Identification

Identification is key in doing web analytics. We define the following “objects” in web analytics.

  1. A person
  2. A user
  3. A session
  4. An event

These objects are hierarchically linked.

A person, which is a real natural person, can be multiple users.

A user is a browser and when you visit a website on both your laptop and tablet, you will be 2 users.

A user can have multiple sessions.

A session can have multiple events.

Person

As mentioned above, a person is a real natural person. In web analytics it is almost impossible to really identify a person. That is why we use proxies to identify a person. Commonly used proxies are:

  • Email
  • Customer ID
  • Phone number

Note that these variables are personally identifiable and you should process these identifiers with caution. You should at least hash these parameters before you save these identifiers with a third party. For more information, read our hashing documentation.

Even though you hash a variable, for yourself it is still personal identifiable information. Therefore, if a user wants you to delete their data, you will have to make sure that all third parties delete the users data. This can often be difficult.

At Harvest we have a function called aliasing. Aliasing will be done before that is stored in our Harvest Store. It makes it much easier to comply with privacy regulations. For more information, read the aliasing documentation.

User

A user is below a person in the identification hierarchy. A user is created on the browser level and is identified by the userID that is stored in the harvest_user cookie. More information about how Harvest manages users, can be found in the user management documentation.

Since a user is identified based on a userID in the cookie, this has the following impacts:

  • When a person visits multiple domains on the same browser, the person will be identified as different users. A user is identified per browser per domain, because we use a first party cookie.
  • When a person visits the website on multiple devices, each device will be a different user.
  • When a person visits the website on the same device through multiple browsers, each browser will be a different user.

When many users perform actions across multiple domains, devices or browsers, you can imagine that this has impact on your analytics. To overcome this issue, there are several solutions, which are, unfortunately, all not perfect.

Cross domain tracking

The moment you link to your own domains, it is possible to tag each domain with the userID of the origin domain. This makes sure that the target domain will know the userID from the origin. This way we can link the two userIDs and we now the user is the same person.

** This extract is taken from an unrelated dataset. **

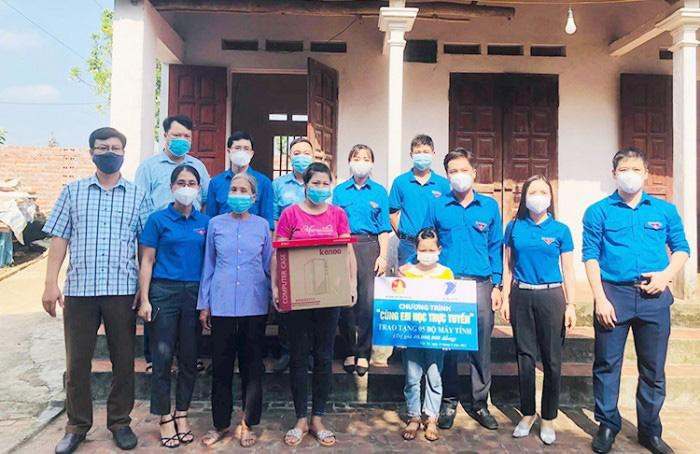 VNPT trao tặng máy tính bảng kèm sim Vinaphone miễn phí.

More information can be found in our cross domain tracking documentation.

User stitching

As mentioned in the person part above, it is possible to use a proxy for a person and sent the ID to identify a person yourself. This way, we can link several userIDs based on that single ID. For more information read our user stitching documentation.

Session

A session is a grouping of events based on time. This way we can identify which time blocks a user visited the site. A session is identified by a sessionID which is stored, with other information, in the harvest_session cookie. With each event we are able to sent both the userID and the sessionID. Without any help we can therefore match the user and the session.

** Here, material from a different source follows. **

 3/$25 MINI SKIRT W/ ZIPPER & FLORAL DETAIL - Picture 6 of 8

For more information about how we handle sessions, read our session management documentation.

Event

The lowest level is the event, the actual action a user performed. Each event is identified with an eventID. Each event contains the eventID, sessionID and userID. This way all of these IDs can be linked and we know exactly which event occured in which session and by which user. When there is also an identifier to match a person, we can even link the events to that person.